Halktan özür dilemeli
Demokrasilerde en büyük gücün halk olduğunu ifade eden Kılıçdaroğlu, "Sayın Başbakanın çıkıp televizyonlarda halktan özür dilemesi gerekiyor. Bunu bekliyorum. Bu erdemi yerine getirir mi? Bilmiyorum ama sağlıklı çalışan bir demokraside başbakanların yapması gereken ilk iş, halkın önüne çıkıp 'Size baskı uyguladık. Baskının sonucu siz tepki verdiniz. Hepinizden özür diliyorum' diye seslenmektir" diye konuştu.

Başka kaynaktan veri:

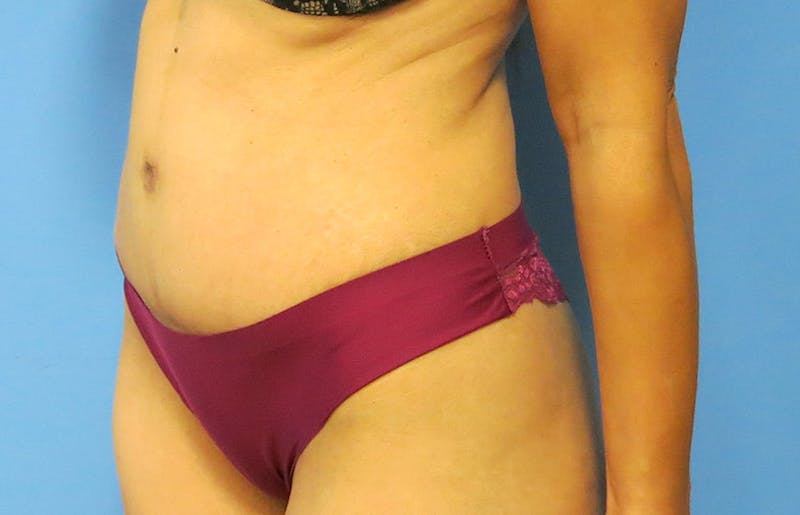 Abdominoplasty Before & After Gallery - Patient 112338722 - Image 4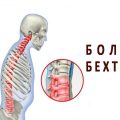 Псориатический спондилоартрит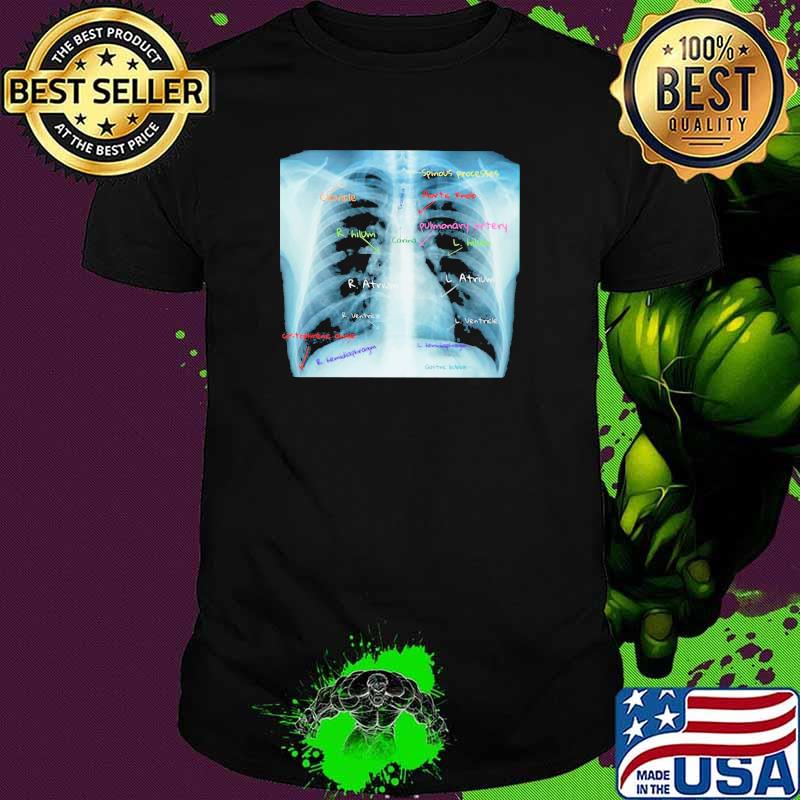 Chest X Ray With Labels Shirt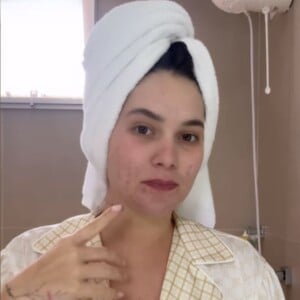 Virgínia Fonseca revela escurecimento de manchas de acne após parto de José Leonardo e médica revela como diminuí-las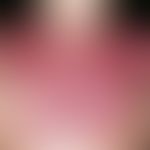 Dermatomyositis. Rot-violettes, gelegentlich juckendes, flächiges&nbsp;Erythem im Decolleté und a...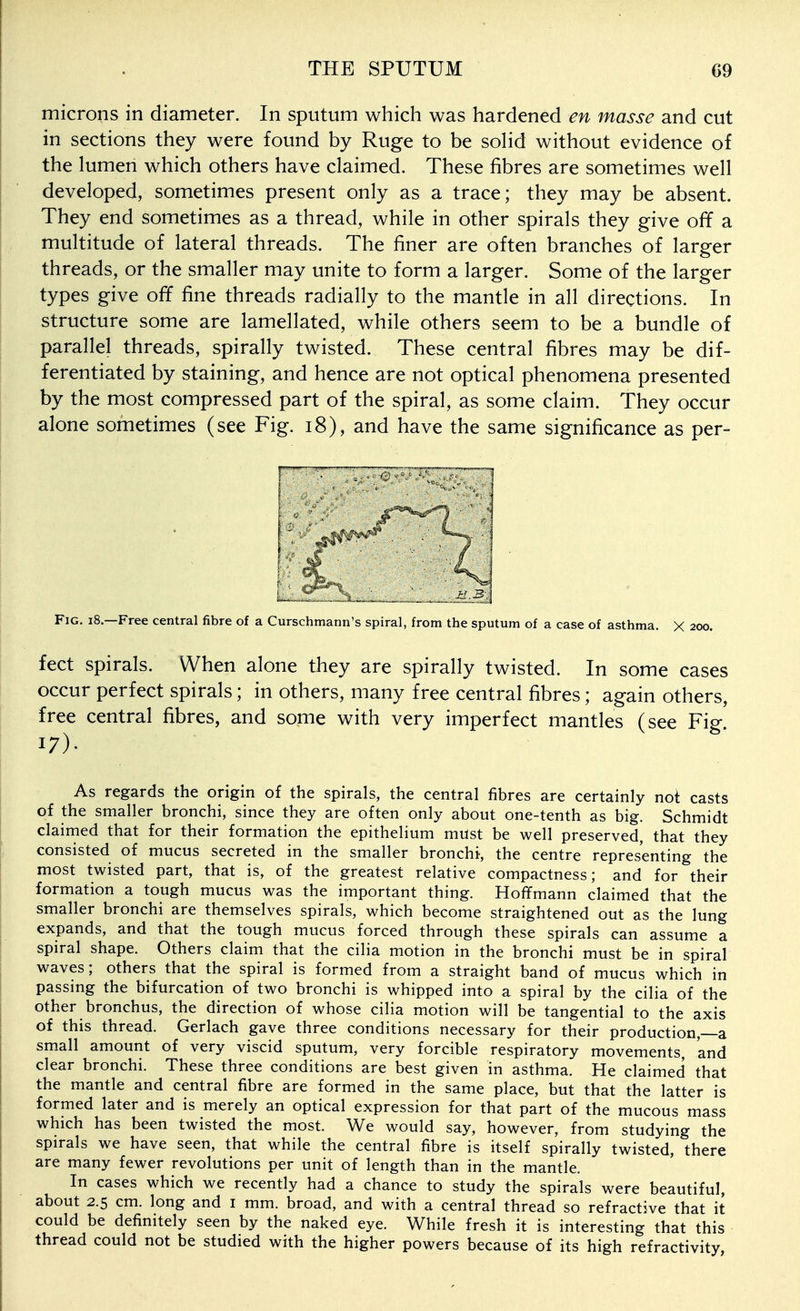 microns in diameter. In sputum which was hardened en masse and cut in sections they were found by Ruge to be soHd without evidence of the lumen which others have claimed. These fibres are sometimes well developed, sometimes present only as a trace; they may be absent. They end sometimes as a thread, while in other spirals they give off a multitude of lateral threads. The finer are often branches of larger threads, or the smaller may unite to form a larger. Some of the larger types give off fine threads radially to the mantle in all directions. In structure some are lamellated, while others seem to be a bundle of parallel threads, spirally twisted. These central fibres may be dif- ferentiated by staining, and hence are not optical phenomena presented by the most compressed part of the spiral, as some claim. They occur alone sometimes (see Fig. i8), and have the same significance as per- .^..^.M^m Fig. i8.—Free central fibre of a Curschmann's spiral, from the sputum of a case of asthma. X 200. feet spirals. When alone they are spirally twisted. In some cases occur perfect spirals; in others, many free central fibres; again others, free central fibres, and some with very imperfect mantles (see Fig. 17). As regards the origin of the spirals, the central fibres are certainly noi casts of the smaller bronchi, since they are often only about one-tenth as big. Schmidt claimed that for their formation the epithelium mUst be well preserved, that they consisted of mucus secreted in the smaller bronchi, the centre representing the most twisted part, that is, of the greatest relative compactness; and for their formation a tough mucus was the important thing. Hoffmann claimed that the smaller bronchi are themselves spirals, which become straightened out as the lung expands, and that the tough mucus forced through these spirals can assume a spiral shape. Others claim that the cilia motion in the bronchi must be in spiral waves; others that the spiral is formed from a straight band of mucus which in passing the bifurcation of two bronchi is whipped into a spiral by the cilia of the other bronchus, the direction of whose cilia motion will be tangential to the axis of this thread. Gerlach gave three conditions necessary for their production,—a small amount of very viscid sputum, very forcible respiratory movements, and clear bronchi. These three conditions are best given in asthma. He claimed that the mantle and central fibre are formed in the same place, but that the latter is formed later and is merely an optical expression for that part of the mucous mass which has been twisted the most. We would say, however, from studying the spirals we have seen, that while the central fibre is itself spirally twisted, there are many fewer revolutions per unit of length than in the mantle. In cases which we recently had a chance to study the spirals were beautiful, about 2.5 cm. long and i mm. broad, and with a central thread so refractive that it could be definitely seen by the naked eye. While fresh it is interesting that this thread could not be studied with the higher powers because of its high refractivity,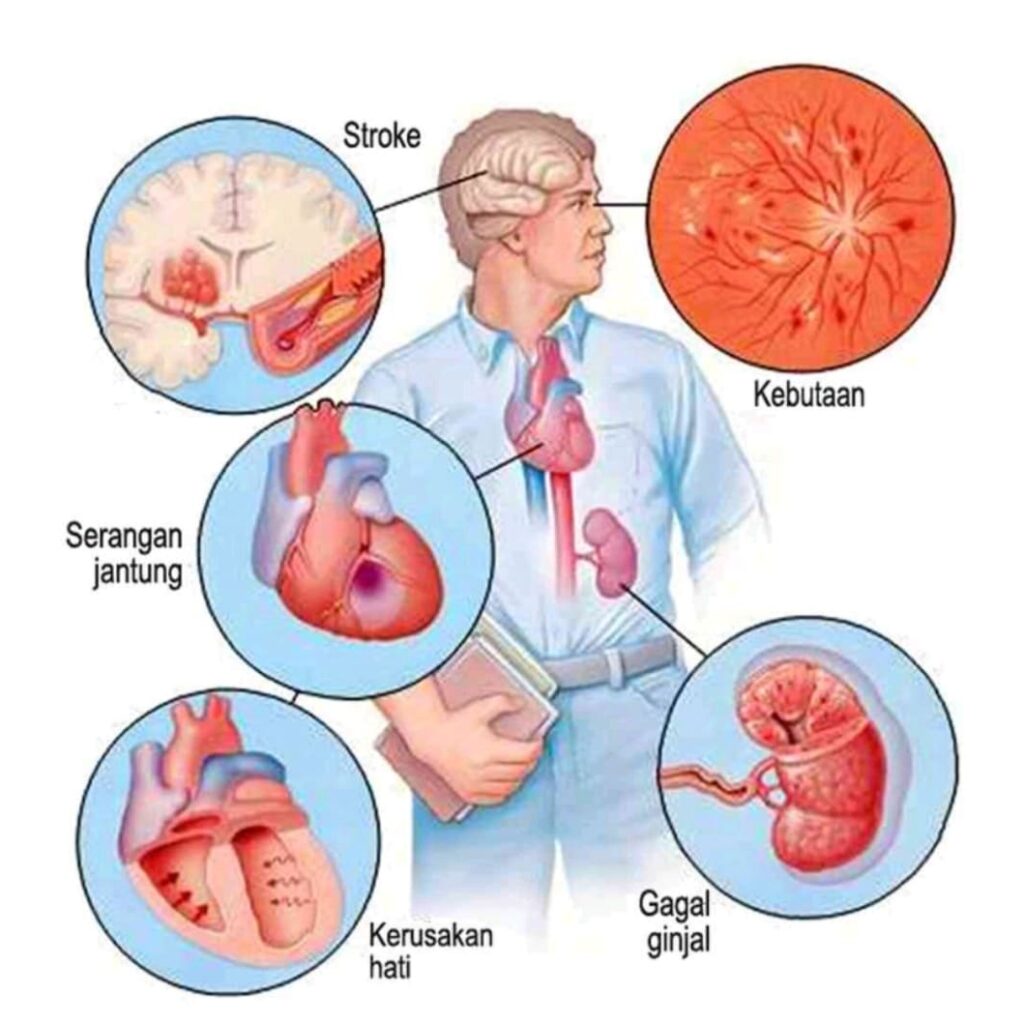 Skrining Komplikasi Organ Pendekatan Moderen Untuk Deteksi Dini Penyakit Kronis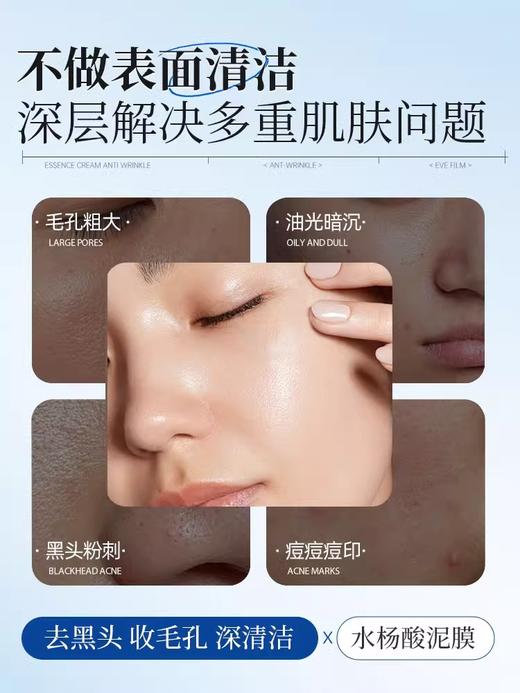 【1敷0黑头 全脸细腻】维生素原B5净肤面膜150g#水杨酸B5清洁泥膜去黑头收缩毛孔粉刺闭口面部脏东西涂抹式面膜 商品图5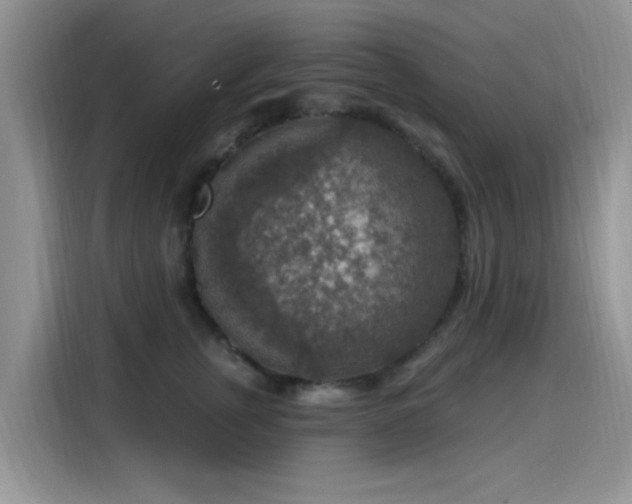 X0000115610759200911171148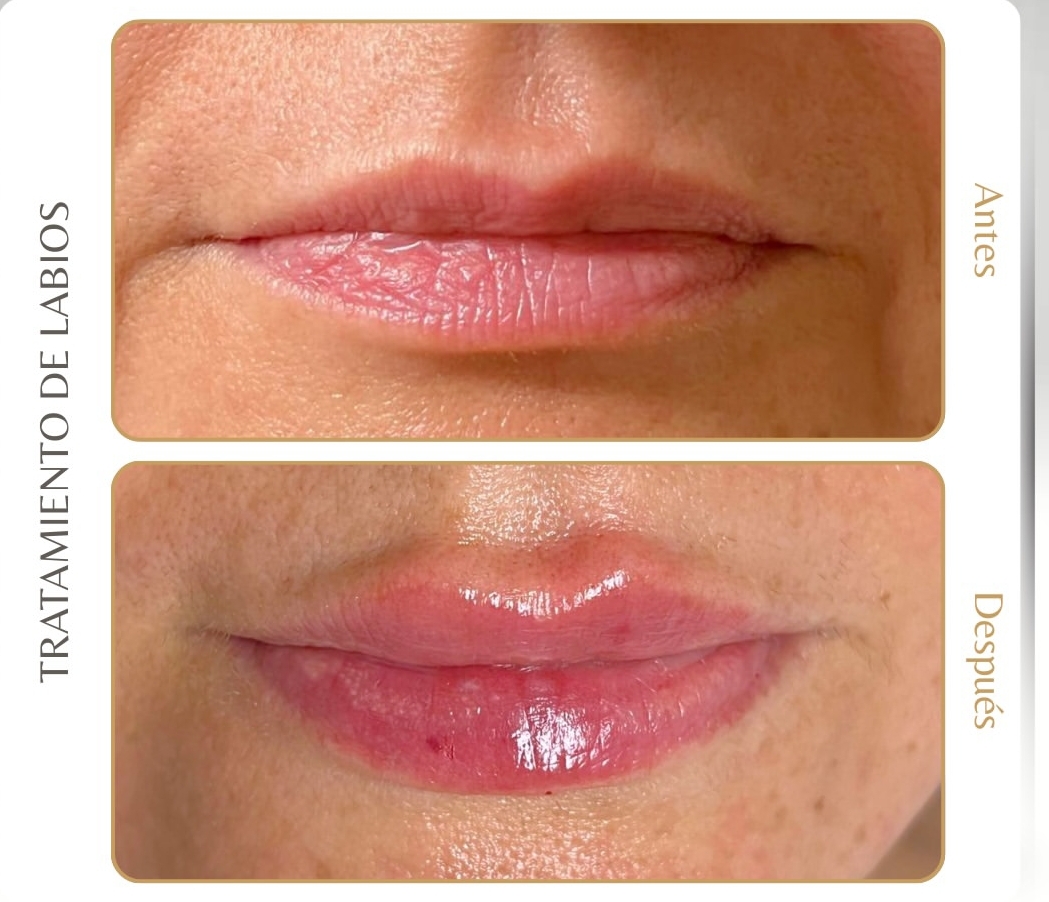 Antes/después labios mujer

"Medya çalışanları zor koşullarda görev yapıyor"
Taksim Gezi Parkı 'ndaki olaylar sırasında bazı göstericilerin basın mensuplarına yönelik saldırılarının hatırlatılması üzerine Kılıçdaroğlu, kendisinin de zaman zaman medyayı eleştirdiğini ama hiçbir zaman medya çalışanlarını eleştirmediğini söyledi.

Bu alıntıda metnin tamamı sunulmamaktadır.